Batched L2 Norm Layer for Torch Neural Nets

Core Layer Design

This nn.L2Normalize module processes 2D tensors (batch size n x vector dim d), normalizing each row vector to unit L2 norm (||x||_2 = 1). Use it in Torch neural nets for tasks like embedding normalization, where direction matters more than magnitude. Instantiate via local layer = nn.L2Normalize(), then integrate into models like Sequential for end-to-end differentiability.

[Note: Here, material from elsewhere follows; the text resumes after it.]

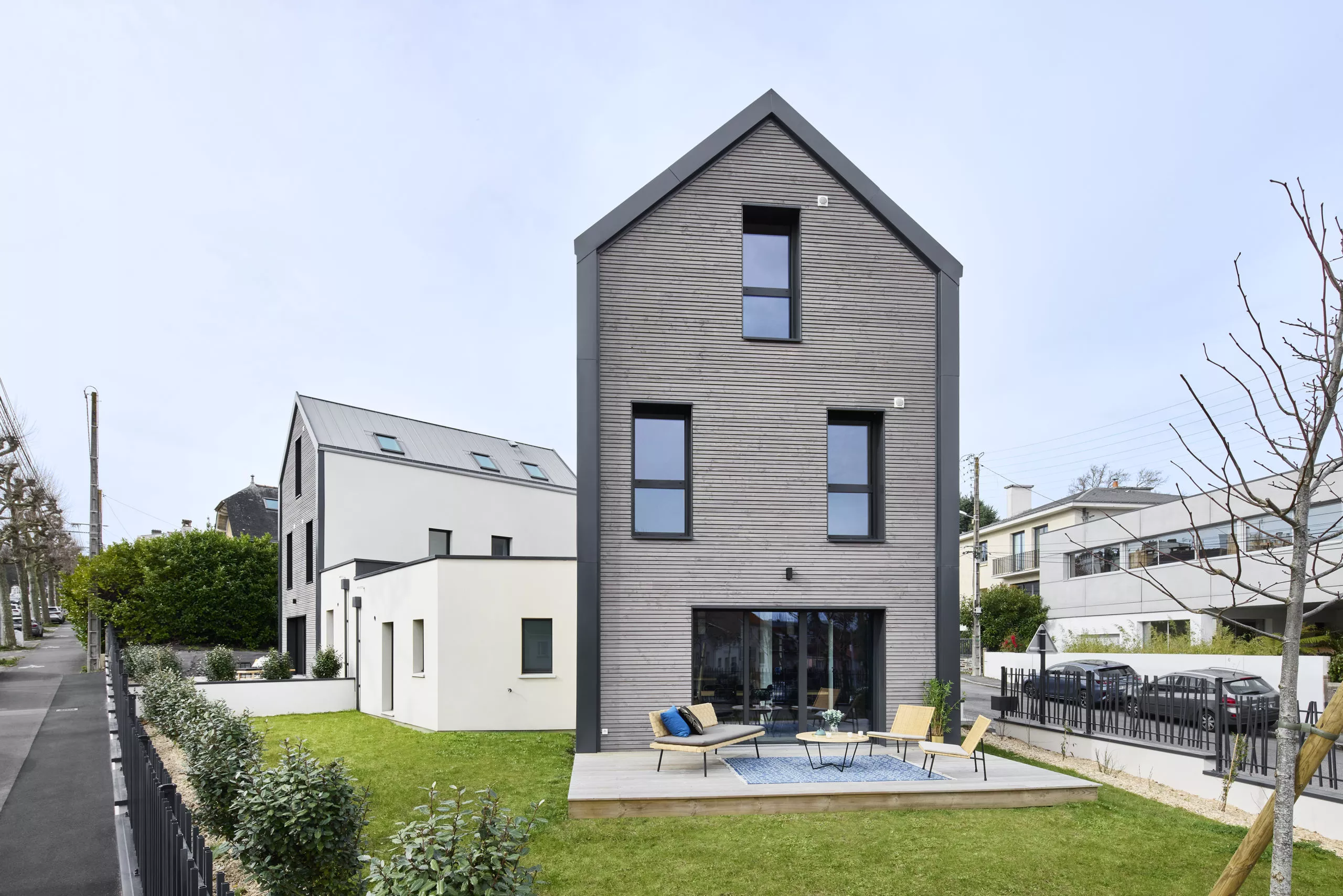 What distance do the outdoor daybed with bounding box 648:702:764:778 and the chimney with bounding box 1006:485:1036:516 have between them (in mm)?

Forward pass (updateOutput): Computes per-row L2 norms squared via elementwise square and sum over dim 2 (input:cmul(input):sum(2)), takes sqrt, then elementwise divides input by expanded norms (input:cdiv(buffer:expandAs(input))). Avoids loops for batch efficiency; buffers reuse across calls.

Gradient Computation

Backward pass (updateGradInput) derives local Jacobian of L2 transform for chain rule. Key steps:

Forms identity tensor repeated over batch (torch.eye(d):repeatTensor(n,1):view(n,d,d)).
Scales diagonal by norm squared (cmul(eye, normSquared:view(n,1,1):expand(n,d,d))).
Subtracts outer products (-torch.bmm(input:view(n,d,1), input:view(n,1,d))).
Divides by cubed norms (cdiv(pow(buffer,3):expand(n,d,d))).
Applies via batched matmul: bmm(diag, gradOutput:view(n,d,1)):resize(n,d) (fixed with :squeeze() post-line 31). This ensures correct gradients during backprop, critical for training stability in nets with normalization layers.

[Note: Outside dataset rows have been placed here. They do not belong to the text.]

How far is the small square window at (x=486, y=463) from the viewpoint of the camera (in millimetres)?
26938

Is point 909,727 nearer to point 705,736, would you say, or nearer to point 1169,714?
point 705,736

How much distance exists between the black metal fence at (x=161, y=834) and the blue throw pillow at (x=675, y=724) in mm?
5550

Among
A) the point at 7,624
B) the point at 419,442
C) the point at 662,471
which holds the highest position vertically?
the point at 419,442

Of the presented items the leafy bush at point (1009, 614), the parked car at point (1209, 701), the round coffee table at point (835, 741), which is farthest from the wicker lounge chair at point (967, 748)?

Implementation Notes and Fixes

Code uses lazy buffer init (self.buffer = self.buffer or input.new()) for memory efficiency. Assumes mini-batch inputs only (errors on non-2D). Community feedback: Could swap manual norm for torch.norm() in forward for simplicity; Karpathy confirmed feasibility. Atcold noted dimension mismatch in gradInput without :squeeze() after bmm resize—fixed by author. Soumith (Torch maintainer) provided additional pointers (unspecified). Thin gist from 2015; modern PyTorch has torch.nn.functional.normalize(p=2, dim=1) as built-in alternative.